Kevin Arduini approda sulle scene difficili del Teatro Verdi di Sassari, dove da più di 100 anni la lirica ne è rigida ed imperante regina. Uno spettacolo difficile possiamo dire, forse mai stato realizzato prima d’ora sulla divina. L’indomito Kevin Arduini riesce a coinvolgere un pubblico di tutte le età dando allo spettacolo una furba e iniziale veste fiabesca: il pubblico si riconosce immediatamente nei colori sfavillanti dei costumi surreali, nella dolcezza sognante della protagonista, (limpida eroina), nelle tinte di un mare, ove come l’eco del canto delle sirene, riemerge la voce e l’anima della Callas, dopo che le sue ceneri spariscono fluttuante nell’ oscuro Mar Egeo.

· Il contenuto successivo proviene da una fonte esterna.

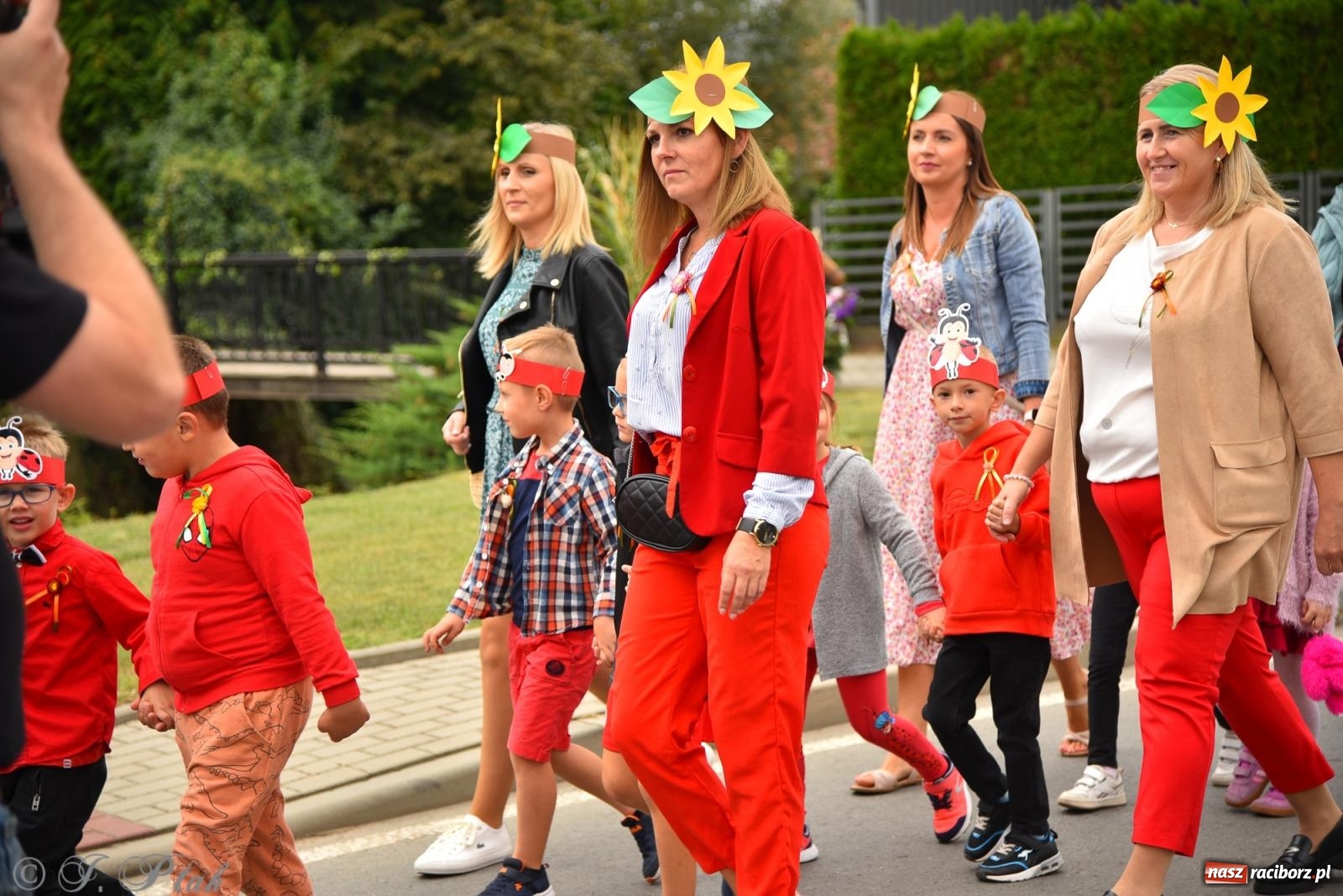 Zdjęcie w galerii na portalu naszraciborz.pl: Dożynki w Krzanowicach już za nami – zdjęcia na bis! wiadomości z regionu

I vibranti canti delle Streghe del Macbeth, capolavoro di Giuseppe Verdi, che l’astuto regista sceglie per la scena della resurrezione della divina, si sposano perfettamente alla carismatica e flessuosa danzatrice che quasi come in una remota interpretazione di Callas nella Lady Macbeth, emerge dall’oscurità della sua stessa anima in pena, riflettendosi in una nuova e sfuggente luce flebile di se stessa. È qui che evidente e pulsante appare il genio di Arduini: il pubblico è in trappola, tratto dall’inganno di una scorrevole e cristallina semplicità iniziale, scivola inarrestabile nel limbo tra un inferno e paradiso senza nemmeno accorgersene. Questo accade per via di una narrazione veloce e snella, che quasi incanta, mentre indisturbato e mimetizzato nel bello, cresce il tormento di un animo inquieto come quello della grande Callas. Pian piano cresce a dismisura fino ad attanagliare il respiro. Arduini presenta una Callas florida e genuina che da un altro lato è invece quasi divorata dalla pazzia di una vita difficile oltre lustrini e riflettori. Memorabile la distruzione dell’immagine di una sedia traballante nel momento di chiusura del primo atto, dove quasi distrugge uno specchio, che fino a poco prima aveva invece avuto ruolo fondamentale di rinforzo per l’immagine di una invincibile donna di spettacolo, sopra ogni cosa.
Le luci sono bellissime, gli attori maturi al punto giusto nonostante la giovane età. Interessante la trovata di un Onassis così giovane e bello che invece nel momento della morte del secondo atto, riesce a dare una drammaticità e anzianità quasi cinematografica al ruolo. Delicata e misurata la figura di mamma Evangelia, che con avvincente intenzione riesce a misurare un’interpretazione che crea distacco e complessa indeformabilità in un nucleo familiare ombroso, appesantito da una guerra da un potere tale da far ogni cosa vacillare: il rapporto figlia-mamma in primis.
Tutti i personaggi dello spettacolo, da Pasolini (edificatore di attimi di poesia pura) interpretato da un attore che sembra abitato da un frammento d’anima di Carmelo Bene, alle interpretazioni impeccabili dell’estatico pianista, e del dionisiaco Onassis, quasi attraverso un perpetuo “stadio dello specchio”, l’artista, nel riflesso più profondo di questo, si riconosce, trova la sua parte migliore e senza filtri la sottopone generosamente al pubblico. Bagliori di luci di rara anima, verità incredibili arrivano da questo geniale spettacolo, sicuramente all’avanguardia, soprattutto per un pubblico così abituato all’opera lirica, intesa nella sua più tradizionale essenza. Non poche le critiche raccolte da Arduini buone o meno, che fanno sicuramente di questa “Maria Callas” uno spettacolo unico, che divide il pubblico e fa parlare ancora notevolmente a distanza di due settimane dalla messa in scena al Teatro Verdi di Sassari. Arduini sorride a fine spettacolo, lo sguardo accattivante, sembra nascondere la follia di un’artista dalla brillante mente diabolica.